VFD is one of the best options, but you'll need one for each piece of 3-phase equipment you buy. If you plan on getting more 3-phase equipment at auctions ,often for pennies on the dollar, then look into a rotary phase converter which can power multiple devices and doesn't need any programming. Either way stick with the 3-phase motor if possible.


----------



## djg (Jan 14, 2019)

I don't need any more pieces of equipment; I just want to upgrade from a contractor style saw. Would 1-1/2 HP be enough for 2" hard woods? Also, the fence (type?) is a little rough looking. And the owner wouldn't be able to test run it because he sold his phase converter.


----------



## djg (Jan 14, 2019)

I said I didn't need any more equipment but this would be nice. $1500 Used an identical one when I worked at the saw mill; real nice machine.

Reactions: Like 2


----------



## Karl_TN (Jan 14, 2019)

LOL. You change your mind quick. That's a good price for a planner that size. What type and size motor is on it? If it is bigger than 3ph - 3HP then VFDs can start getting expensive.

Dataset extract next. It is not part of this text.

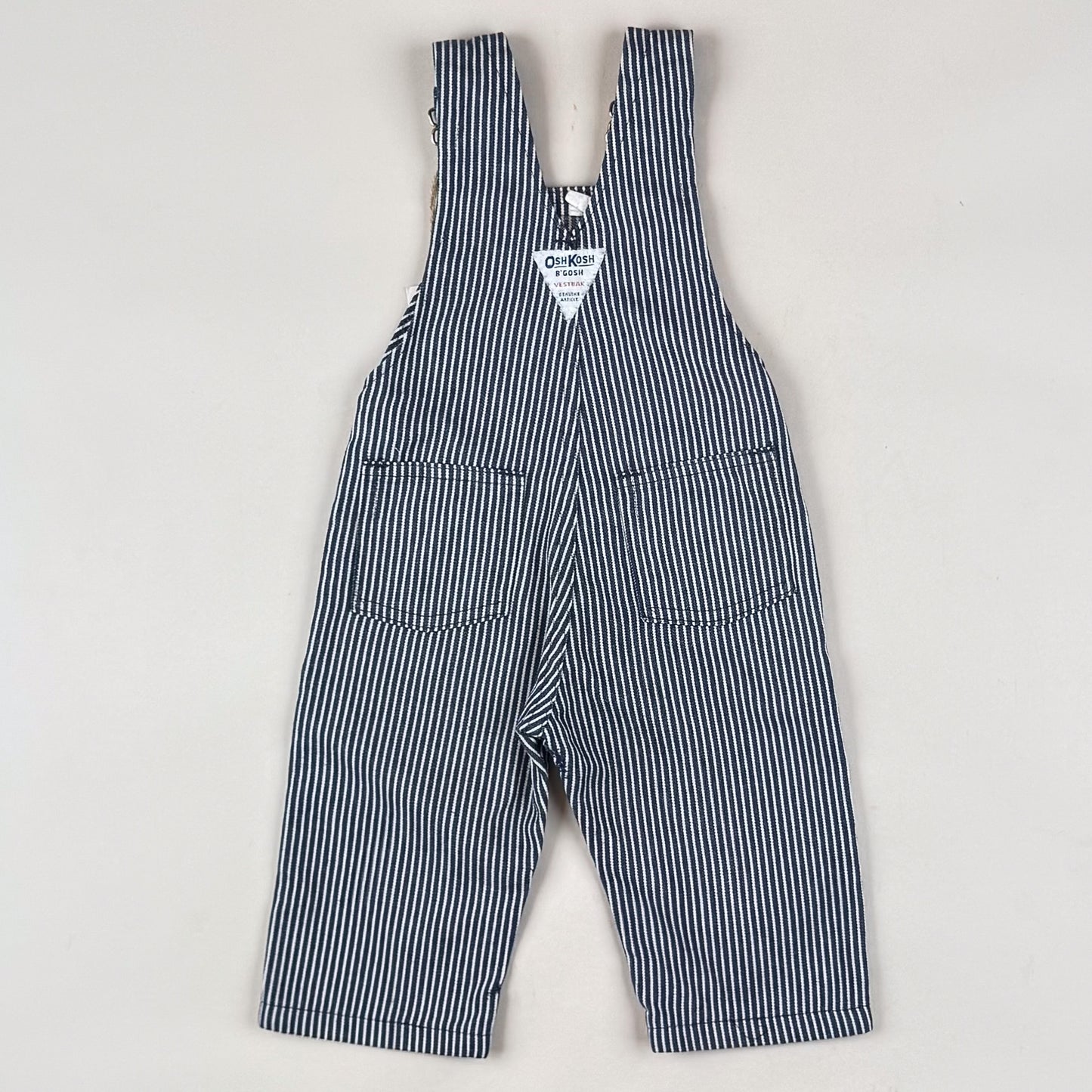 Vintage OshKosh Hickory Striped Overalls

Also, can you tell if the motor in-line with the cutter head, or is the cutter head belt or chain driven? In-line motors can be hard to replace so leaving the 3ph motor might be the best option.

Btw, I went with a rotary phase converter because I found a vintage 20" Oliver planer, 12" Oliver jointer and 12/14" Unisaw for $250 total at a surplus military auction. Got a used 10hp RPC from another woodworker that cost $350. I still need run a bigger electrical service to my garage to run it all, but I should be set when I retire.


----------



## pinky (Jan 15, 2019)

There is another option for a unisaw motor. I bought s 3 phase uni years ago because the price was right. I quickly learned the price of a single phase motor was crazy. I removed the 3 phase motor and put it on my bench. I already had a 3hp single phase which I sat next to it. Then proceeding to fabricate a steel U shaped bracket to replicate the mounting bracket on the uni motors. Bolted it on to the single phase. If I ever burn out this motor, just bolt a new one on with the 56c mount.

Reactions: Like 1


----------



## Alex Beck (Feb 12, 2019)

djg said:


> I don't need any more pieces of equipment; I just want to upgrade from a contractor style saw. Would 1-1/2 HP be enough for 2" hard woods? Also, the fence (type?) is a little rough looking. And the owner wouldn't be able to test run it because he sold his phase converter.
> 
> View attachment 158844


The old style 1.5hp motor is hard to compare to a new 1.5hp. Nowdays, they rate everything at peak horsepower whereas the old school 1.5 will likely be about the same size motor as a modern 2 or 3 hp thats rated for continuous duty. If I am not mistaken, the Unisaw has a "bullet style" motor, the old ones run at 1725 rpm but generate a huge amount of low end torque. Also that planer is a Powermatic 180, I have 3 of them, they are phenomenal machines, I have sold them on Ebay after a restoration for up to $4k if they are single phase. Typically they come with between a 5hp-7.5hp motor. They are true workhorses, I can plane large 8/4 live edge slabs all day with them. They were the last of the USA made Powermatic planers, Powermatic nowdays is made in Taiwan and is mostly sheet metal w/ a few cast iron parts. Good score.


----------